Posted: Thu Jul 27, 2023 10:46 am
by Super Dragon 64
Balladeer wrote:Hm, can you give a dummy example? E.g. a fake table with fake labels, what inputs you're putting in and what output you'd want (from the fake table)? My solution would usually be to use index-match at anything like this but I want to make sure it'd work.

I have table like the below where each column has a five letter word before the country name and each row is a month/year. I'm trying to create a formula that is in another table and it reads the month/year, country and five letter word which in their own columns. It then looks up the corresponding value in the table below.

Image


So if my reference table had Jul-23, Orange, UK in its columns, the formula would return 745.

Re: The Excel Thread

Posted: Thu Jul 27, 2023 11:34 am
by Potterton
Super Dragon 64 wrote:
Balladeer wrote:Hm, can you give a dummy example? E.g. a fake table with fake labels, what inputs you're putting in and what output you'd want (from the fake table)? My solution would usually be to use index-match at anything like this but I want to make sure it'd work.

I have table like the below where each column has a five letter word before the country name and each row is a month/year. I'm trying to create a formula that is in another table and it reads the month/year, country and five letter word which in their own columns. It then looks up the corresponding value in the table below.

Image


So if my reference table had Jul-23, Orange, UK in its columns, the formula would return 745.
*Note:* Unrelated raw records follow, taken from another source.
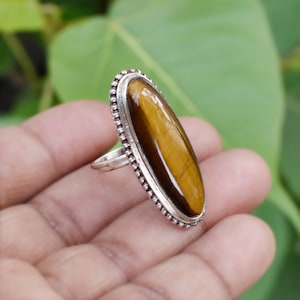 Tiger&#39;s eye Ring, 925 Sterling Silver Ring, Handmade Ring, Band Ring, Boho Ring,Women Ring , Designer Ring,Gift For Her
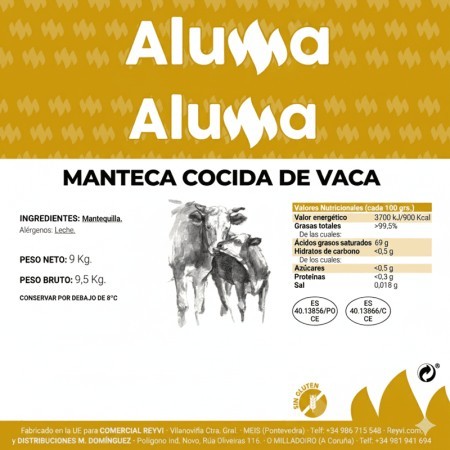 Manteca cocida de vaca calidad extra.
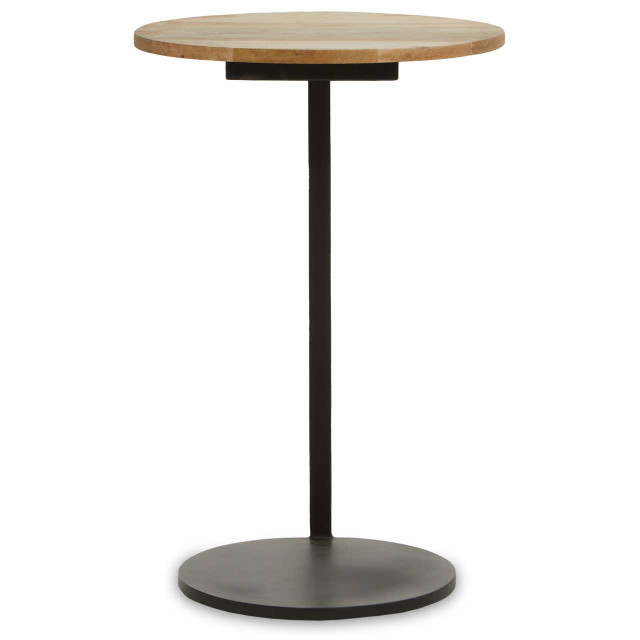 Premier Housewares Corra Side Table With Round Wooden Top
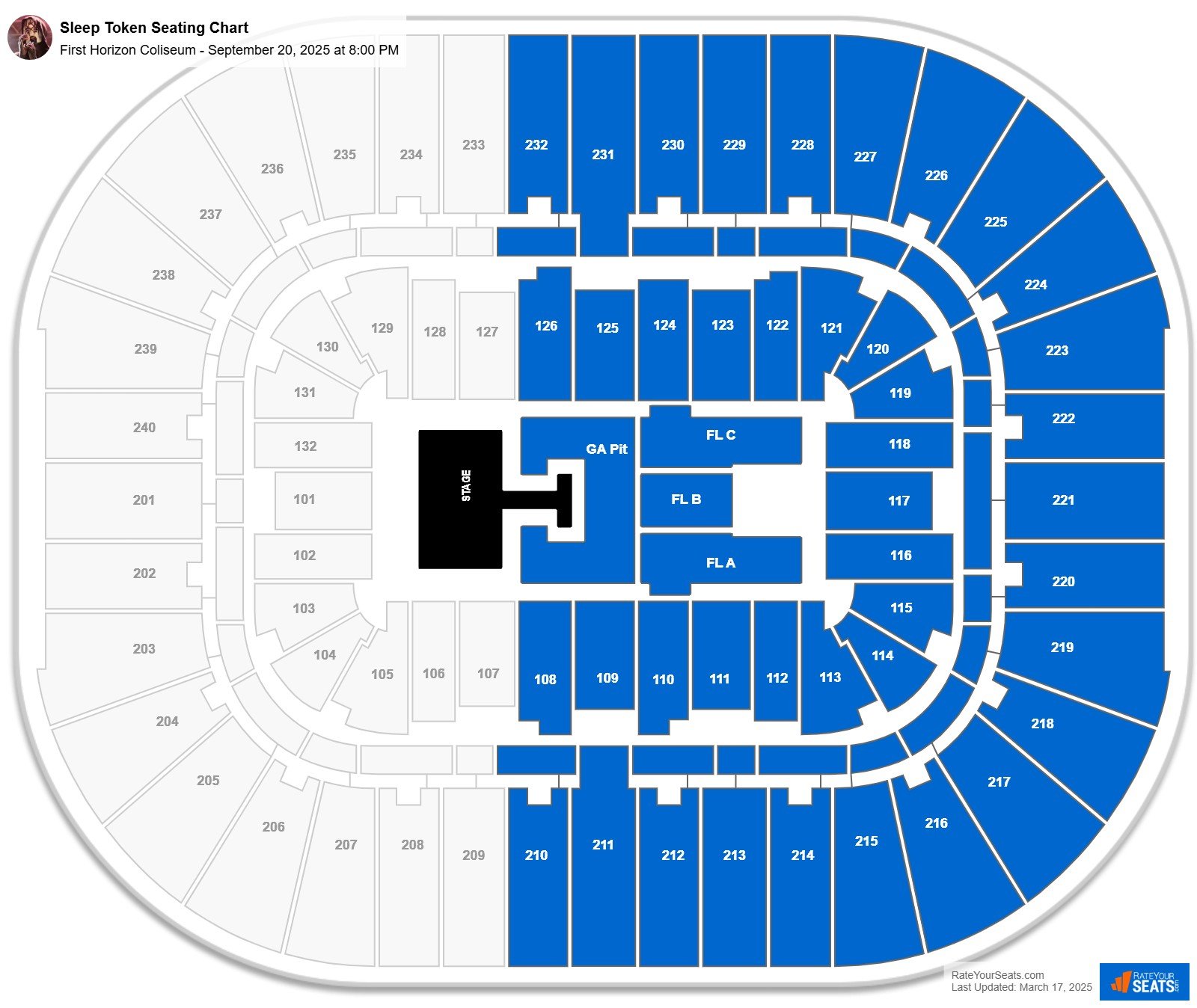 Sleep Token seating chart First Horizon Coliseum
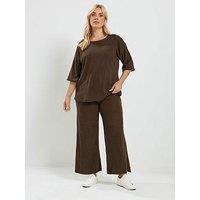 Yours Curve Ribbed Top And Trouser Set - Brown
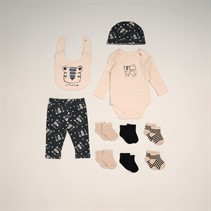 Lily and Jack Boys Tiger Bodysuit Trousers Bib Hat and Six Pairs of Socks Set Beige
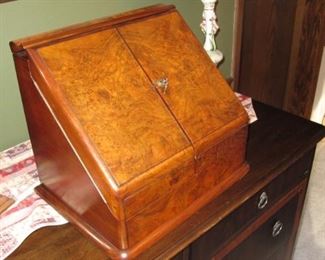 English Walnut Stationery Cabinet Writing Desk Military Army Navy Csl Makers Circa 1895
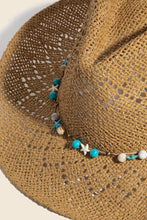 Load image into Gallery viewer, Turquoise And Shell Star Beads Strap Western Straw Hat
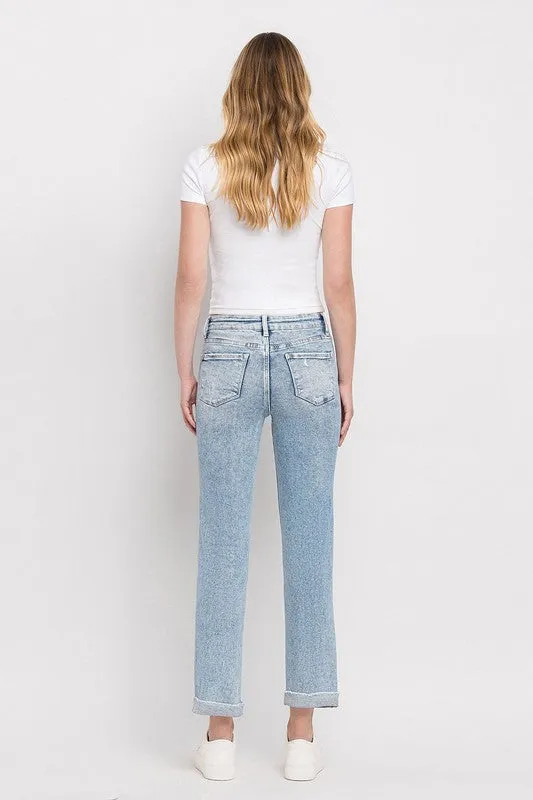 Lovervet Tummy Control Blue Bliss Distressed Slim Straight AntiStaticTechnology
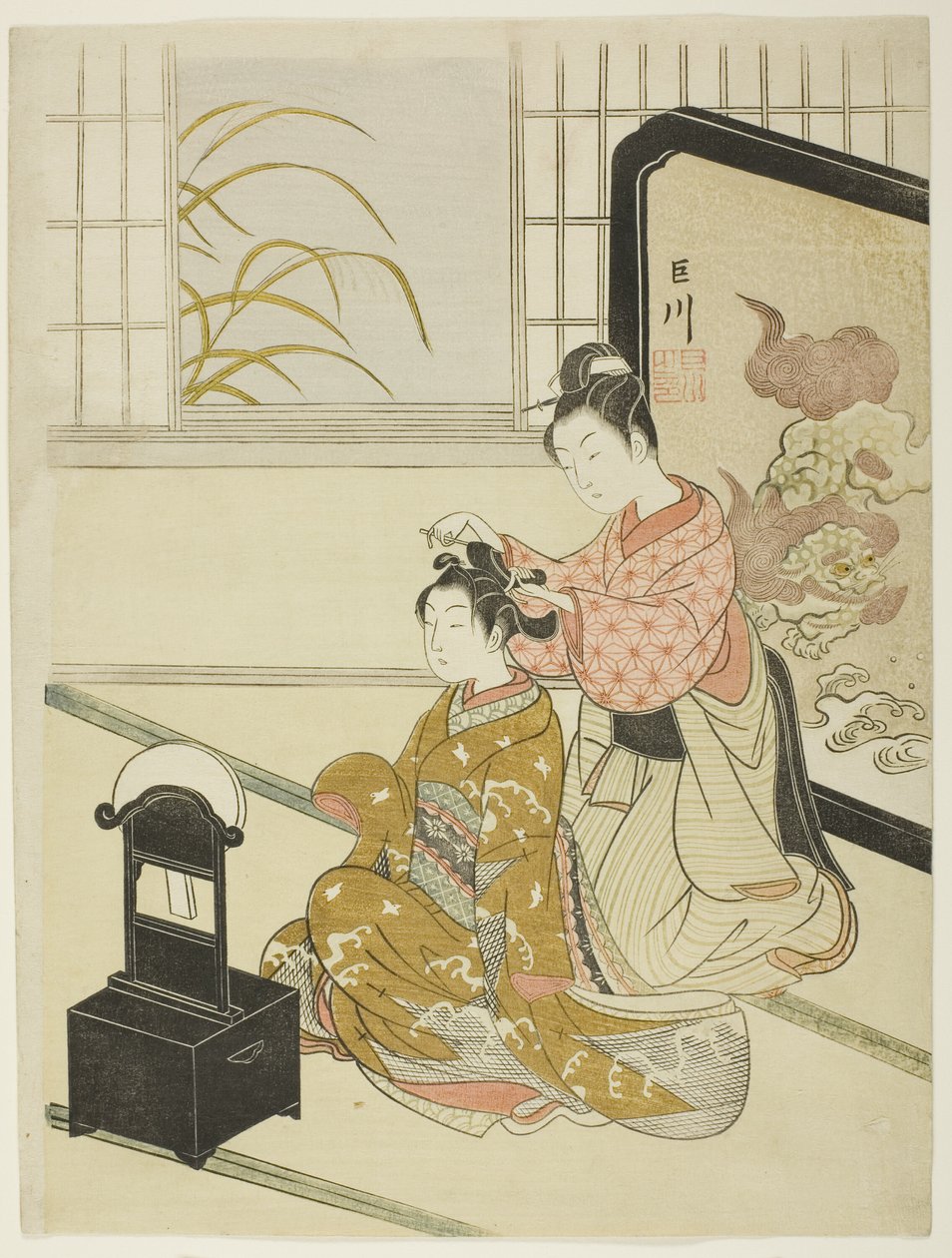 Podzimní měsíc v zrcadle (Kyodai no Shugetsu), ze série „Osm pohledů do salonu (Zashiki hakkei)“ od Suzuki Harunobu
You may be able to use an index and match approach, like below.
Image

Here's the formula:
=INDEX($C$6:$G$9,MATCH(J6,$B$6:$B$9,0),MATCH(CONCATENATE(K6," ",L6),$C$5:$G$5,0))

It indexes the table data ($C$6:$G$9) by the row where $B$6:$B$9 matches the date in J6 and the column where the $C$5:$G$5 matches the concatenated text in K6 and L6 with a space in between.

Edit: Match isn't case sensitive so it won't work if your 5-letter codes may differ only by case.

Re: The Excel Thread

Posted: Thu Jul 27, 2023 3:37 pm
by Super Dragon 64
Potterton wrote:
Super Dragon 64 wrote:
Balladeer wrote:Hm, can you give a dummy example? E.g. a fake table with fake labels, what inputs you're putting in and what output you'd want (from the fake table)? My solution would usually be to use index-match at anything like this but I want to make sure it'd work.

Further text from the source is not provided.